[[ DATA, beginning ]]

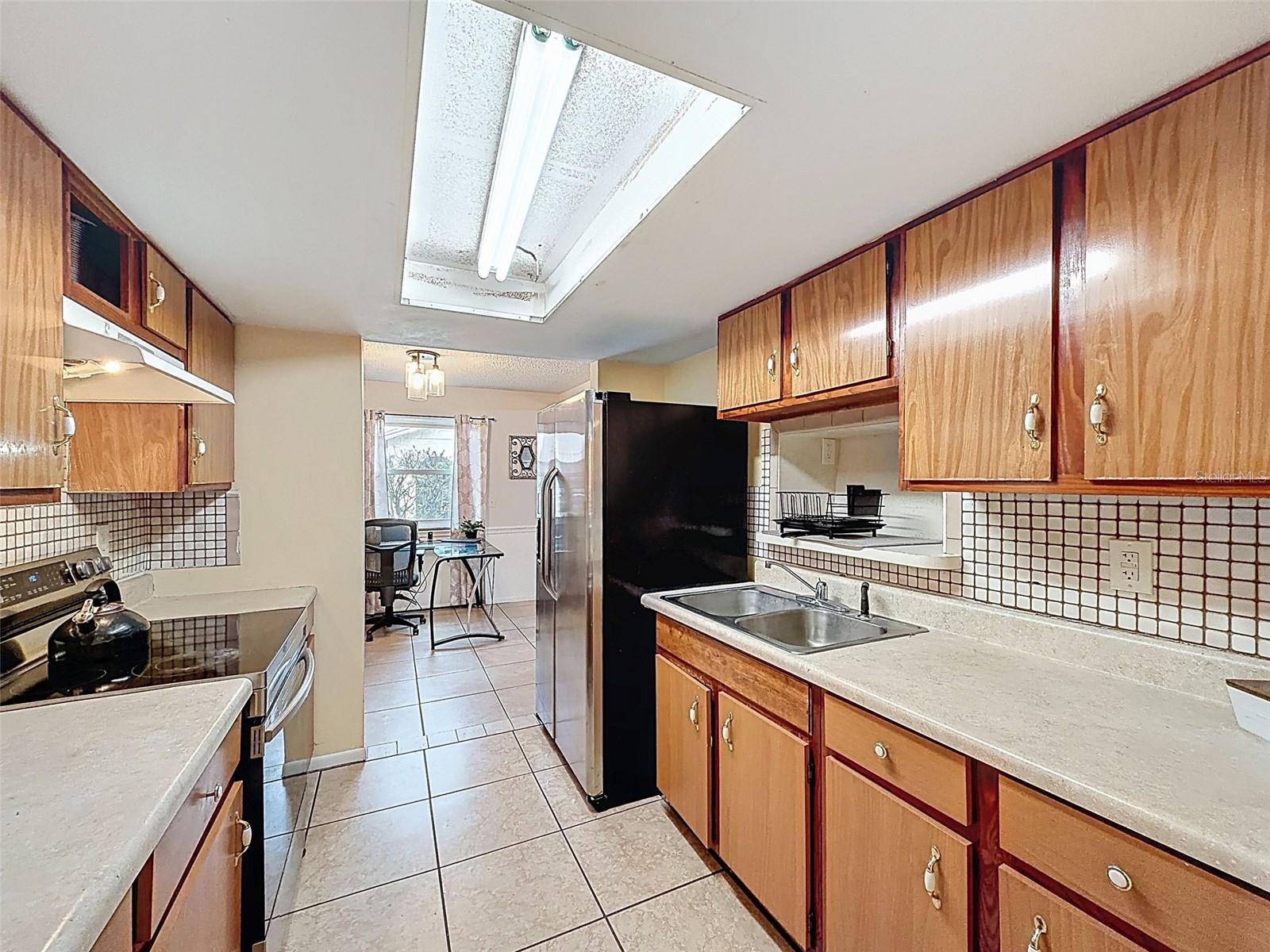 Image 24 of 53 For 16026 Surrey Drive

[[ DATA, end ]]
[[ DATA, beginning ]]

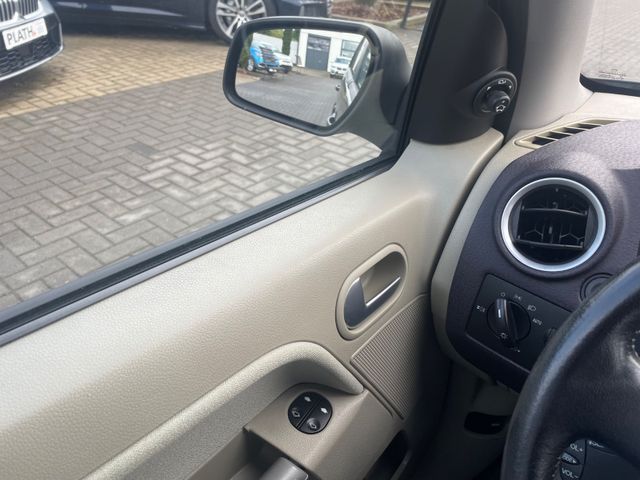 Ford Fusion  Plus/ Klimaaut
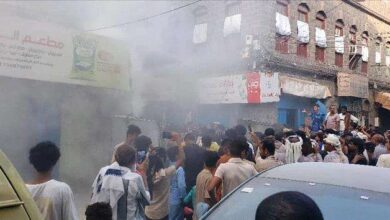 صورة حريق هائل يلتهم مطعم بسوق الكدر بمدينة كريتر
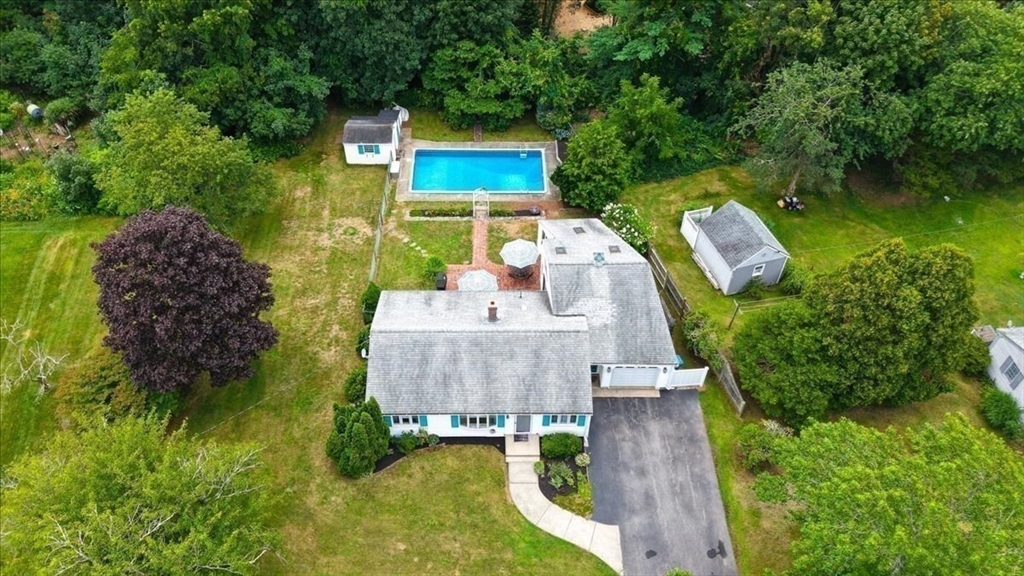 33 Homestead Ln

[[ DATA, end ]]

*WORK ITEM:*
Would you print exactly the lines in the listing above, from the line bearing "صورة حريق هائل" through the line bearing "33 Homestead Ln", leaving out all pictures?

*SOLUTION TO THE PROBLEM:*
 صورة حريق هائل يلتهم مطعم بسوق الكدر بمدينة كريتر
 33 Homestead Ln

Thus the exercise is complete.